I should also note that in my last use, I did have my brushes near the soap and it’s possible some drops got onto the soap during the drying process, but I don’t let my brushes dry in soaking condition. I squeeze them out, so there shouldn’t have been dripping water. I’ll still offer the benefit of the doubt. However, this just might not be a product suited for me and my needs. I still have 2 Rephr soaps (my current one is almost finished) and 2 Blendercleanser solid minis as backups, so I’m all set.
Bondi Boost Miracle Hair Mask
I did not expect to like this product, but I was pleasantly surprised! I’m a total noob when it comes to hair care. All I can really say is that prior to this year (because I’d essentially given up trying to find a good mask and just made do with conditioners I like), there wasn’t any mask I tried that did much for my hair. In fact, some made my hair feel worse. When I tried the Gisou Honey Infused Hair Mask, I said to myself, “Hey, this actually did a little something,” and was willing to settle for that. Then, I got the Function of Beauty Pro Conditioner Mask, which worked even better! I haven’t been able to test it enough yet to be completely sold, but I was pleased with the results.
The Bondi Boost Hair Mask is supposed to be used once a week, so between all the other hair products I’m trying out now (to figure out what to bring on my trip), I haven’t had the opportunity to use it more than a few times. However, I’m a new fan! I have super dry hair, and using this made noticeable improvements. I can’t see it as much from what my hair looks like once it’s dry, but I can tell the difference in looks and it being significantly softer when I combine it with my usual other hair products. It’s like this mask helps my hair to absorb more moisture, look more hydrated, and stay hydrated for longer. I haven’t been this pleased with a hair product since my discovery of the Olaplex No.3 Hair Perfector.

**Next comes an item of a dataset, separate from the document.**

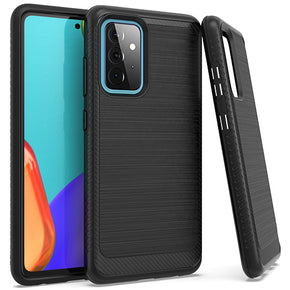 Samsung Galax A52 (5G)  Brushed Hybrid Case Cover
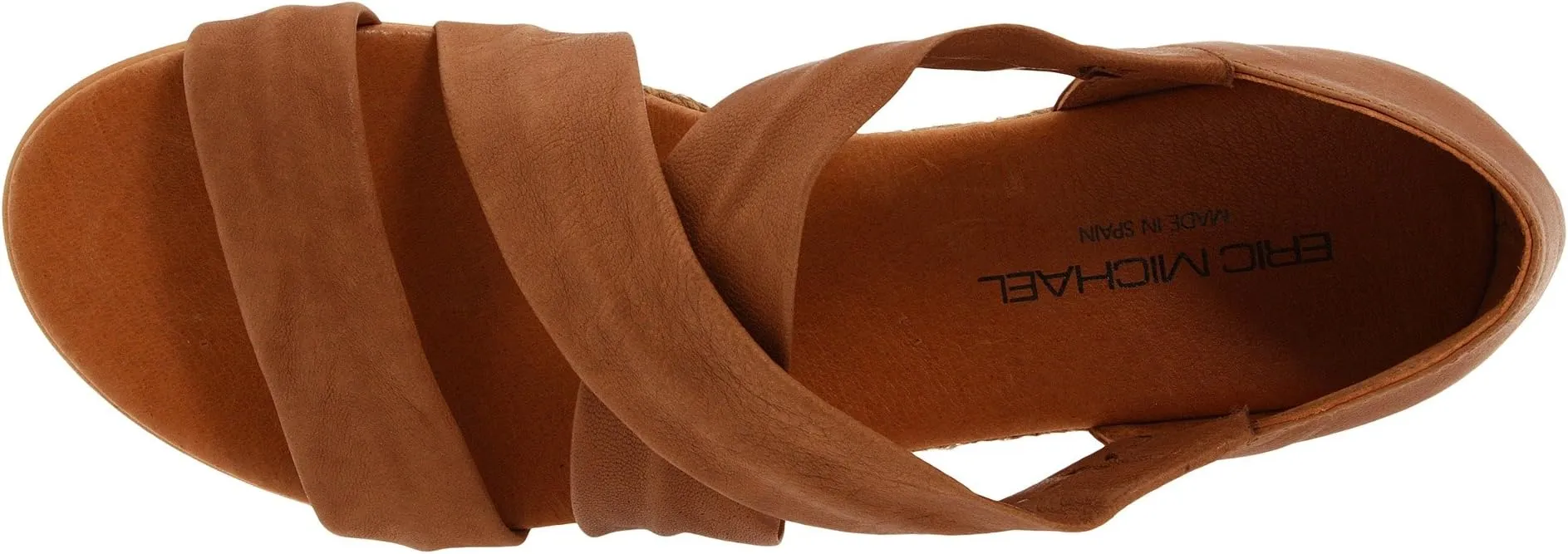 Netty Eric Michael Sandals, Tan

I’m not sure how much credit I should give this mask if I’m not satisfied with the results of the product by itself. However, I’m not a hair reviewer. For my own personal experiences, what matters most to me is how I can best use anything to get improved results, and if the combination of this mask with other products means that my hair looks healthier (and at a price that doesn’t completely break the bank), I’m all for it.

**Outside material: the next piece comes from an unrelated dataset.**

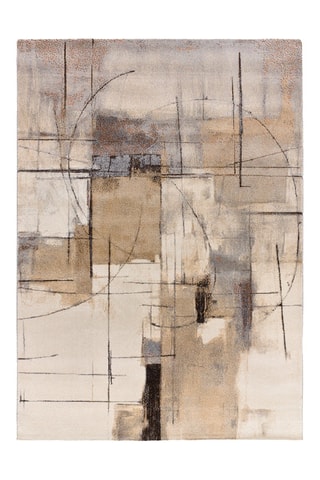 Vloerkleed Beruti - Beige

Anti-Chafe Stick with Shea Butter + Colloidal Oatmeal (mini/deluxe sample)
I tried this product once and then lost it until literally the day before my trip. It’s so small and I had products all over the place because of my packing and simultaneous decluttering. So, I can’t really say much about it, except that it felt fine on the skin (not greasy). I’ve never used any other Anti-chafe specific product, so I have nothing to compare it to either. To anyone hoping for more details on this one, I’m sorry!
I hope everything else in this review has been helpful! Thank you for reading!